Gastro-duodenal ülser şikayeti olan hastalarda, etiyolojik bir faktör olarak H. pylori
enfeksiyonu olasılığı göz önünde bulundurulmalıdır.
Lansoprazol, H. pylori eradikasyonunun tedavisi için antibiyotiklerle kombine olarak
kullanılıyorsa, ayrıca bu antibiyotiklerin de ürün bilgileri takip edilmelidir.
Bir yıldan daha uzun süredir idame tedavisi alan hastalar için sınırlı güvenlik verileri
olduğundan bu hastaların tedavileri düzenli olarak incelenmeli ve kapsamlı bir risk/yarar
değerlendirmesi yapılmalıdır.
H. pylori enfeksiyonunun eradikasyonu için tedavi edilen hastalar dışında, diyare devam
ederse, kolajen demetinin kalınlaşması veya kalın bağırsak submukozasında görülen
inflamatuvar hücrelerin infiltrasyonu ile mikroskobik kolit olasılığı nedeniyle lansoprazol
uygulaması kesilmelidir. Vakaların çoğunda, mikroskobik kolit semptomları, lansoprazolün
kesilmesiyle düzelir.
Atazanavir ve nelfinavir gibi absorpsiyonları asidik intragastrik pH’a bağlı olan HIV proteaz
inhibitörleri ile lansoprazolün birlikte uygulanması, biyoyararlanımlarındaki önemli azalma
nedeniyle önerilmez (bkz. Bölüm 4.5). Lansoprazolün HIV proteaz inhibitörleri ile birlikte
uygulanması kaçınılmazsa, yakın klinik izleme önerilir.
Lansoprazol kullanan hastalarda çok nadir kolit vakalarına rastlanmıştır. Bu yüzden, şiddetli
ve/veya sürekli diyare vakalarında tedavinin sonlandırılması göz önünde bulundurulmalıdır.
Peptik ülser tedavisinde, sürekli NSAİ ilaç tedavisi alma ihtiyacı olan yüksek riskli hastalarda
(örn. geçmiş gastrointestinal kanama, perforasyon veya ülser, ilerlemiş yaş, üst GI advers
etkileri ihtimalini artırdığı bilinen ilaçlarla [örn.; kortikosteroidler veya antikoagülanlar]

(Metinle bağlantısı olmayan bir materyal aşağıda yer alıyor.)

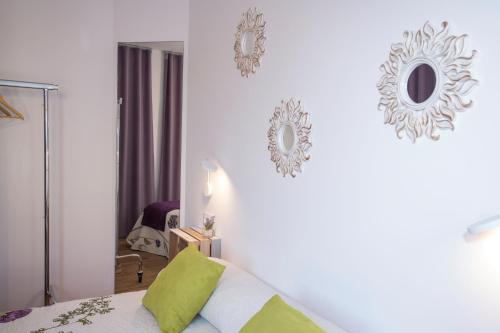 a bedroom with a bed and two mirrors on the wall at Los Palomitos, Casco Histórico VT-47255-V in Gandía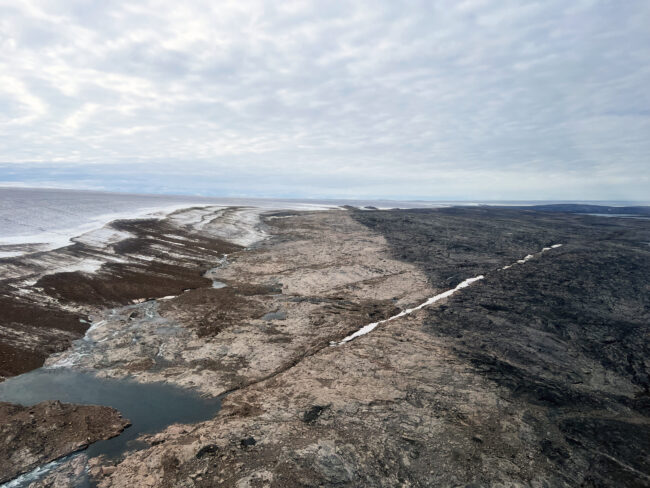 The end of a glaciation. Prominent trimline marks the 1960 extent of the Barnes Ice Cap. The dark colored landscape hosts mature vegetation and lichen cover, whereas the light-colored rock is vegetation free. Ice margin retreat from this trimline has reversed ~2,000 years of ice margin expansion. 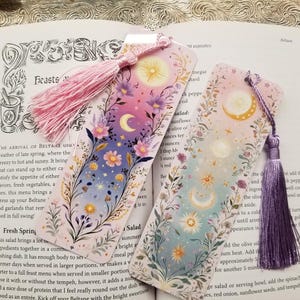 May include: Two decorative bookmarks with celestial designs. Each bookmark features a gradient background with moons, stars, and floral accents. One has a pink tassel, the other a purple tassel. The bookmarks are on a book page.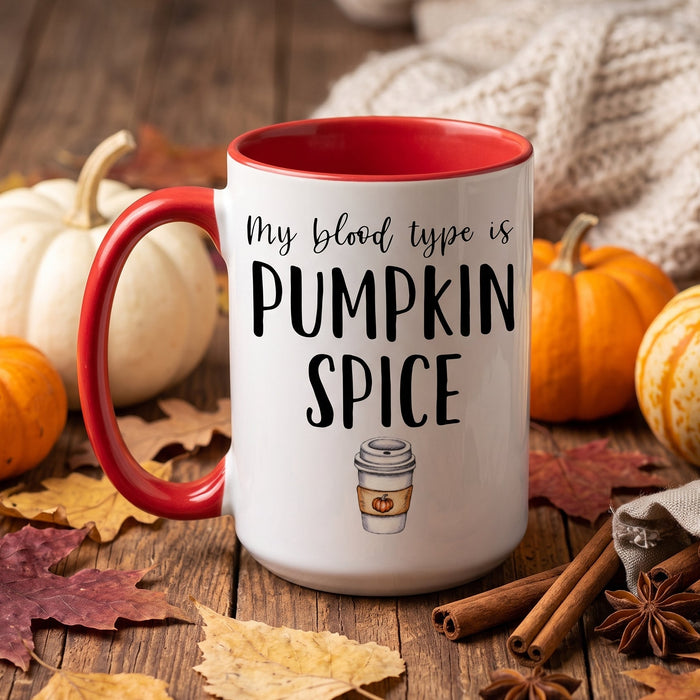 A white ceramic coffee mug with a red handle and red interior, printed with the phrase 'My blood type is PUMPKIN SPICE' and a small coffee cup graphic. The mug is styled on a rustic wooden surface with pumpkins, autumn leaves, cinnamon sticks, and a knitted blanket in the background.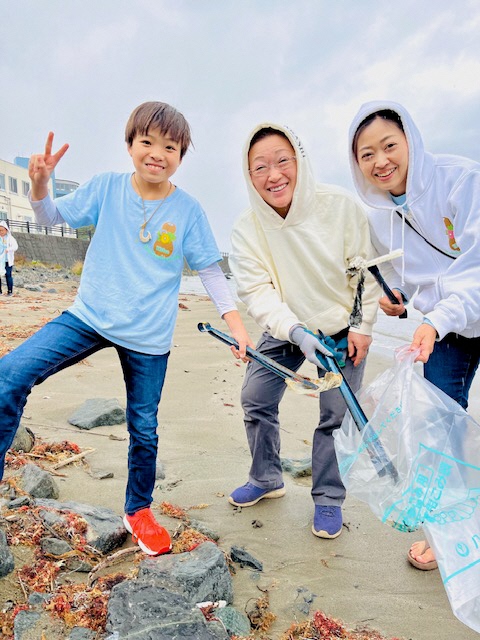 砂浜で拾ったごみをボランティア用ごみ袋に入れている、女性二人とピースサインを出している男児の写真。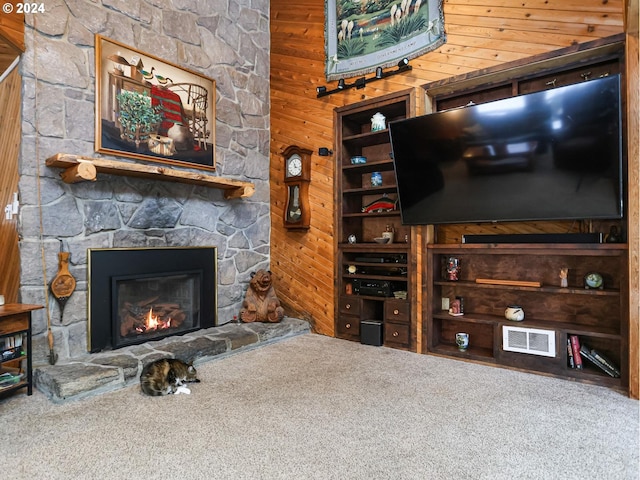 24940 E Tillicum St, Welches, OR 97067 - carpeted living room with wooden walls and a stone fireplace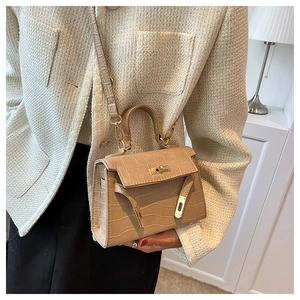 Detail of crocodile embossed leather texture with golden hardware on a Kelly handbag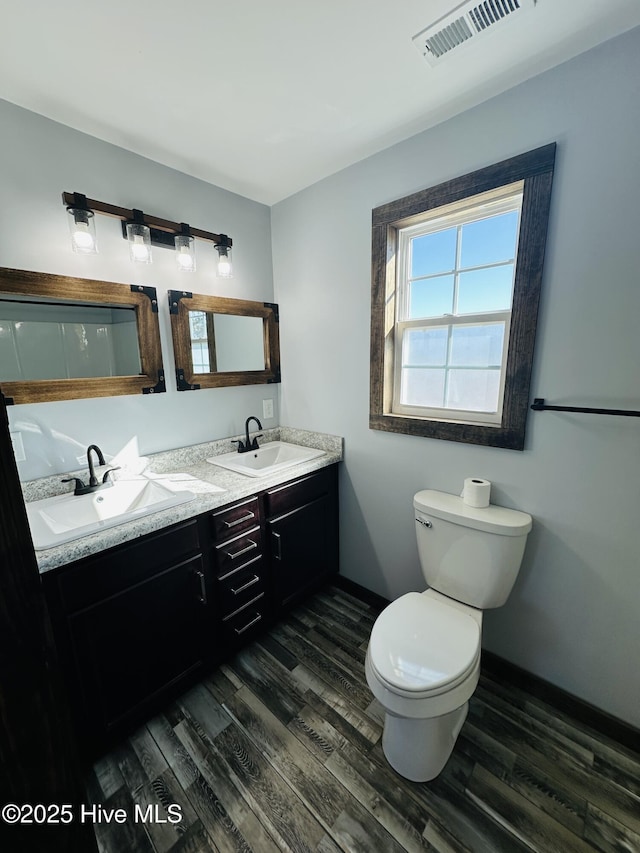 bathroom with vanity, wood-type flooring, and toilet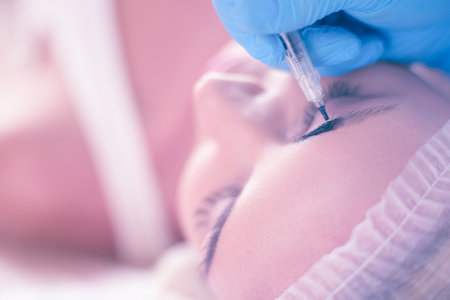 Permanent makeup for eyebrows. Closeup of beautiful woman with thick brows in beauty salon.の写真素材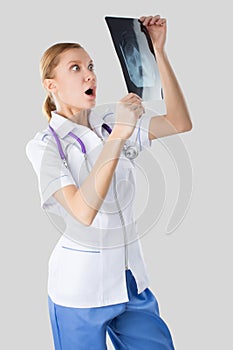 Young nurse studying the X-ray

birlikte kullanım, ciddi bir eşzamanlı hastalık faktörü varlığı veya önerilen NSAİ ilacın
maksimum dozlarının uzun süreli kullanımı) kontrollü olunmalıdır.
Kemik kırığı:
Yayınlanmış çeşitli gözlemsel çalışmalar, proton pompası inhibitörü (PPI) tedavisinin, kalça,
el bileği ya da omurgada osteoporoza bağlı kırık riskinde bir artışla ilişkili olabileceğini
düşündürmektedir. Proton pompası inhibitörleri, özellikle yüksek dozlarda ve uzun süreli (>1
yıl) kullanıldıklarında, ağırlıklı olarak yaşlılarda veya diğer bilinen risk faktörlerinin
Sayfa 6
varlığında kalça, bilek ve omurga kırığı riskini orta derecede artırabilir. Hastalar, tedavi
edildikleri durum için uygun olan en düşük dozda ve en kısa süreli PPI tedavisini almalıdırlar.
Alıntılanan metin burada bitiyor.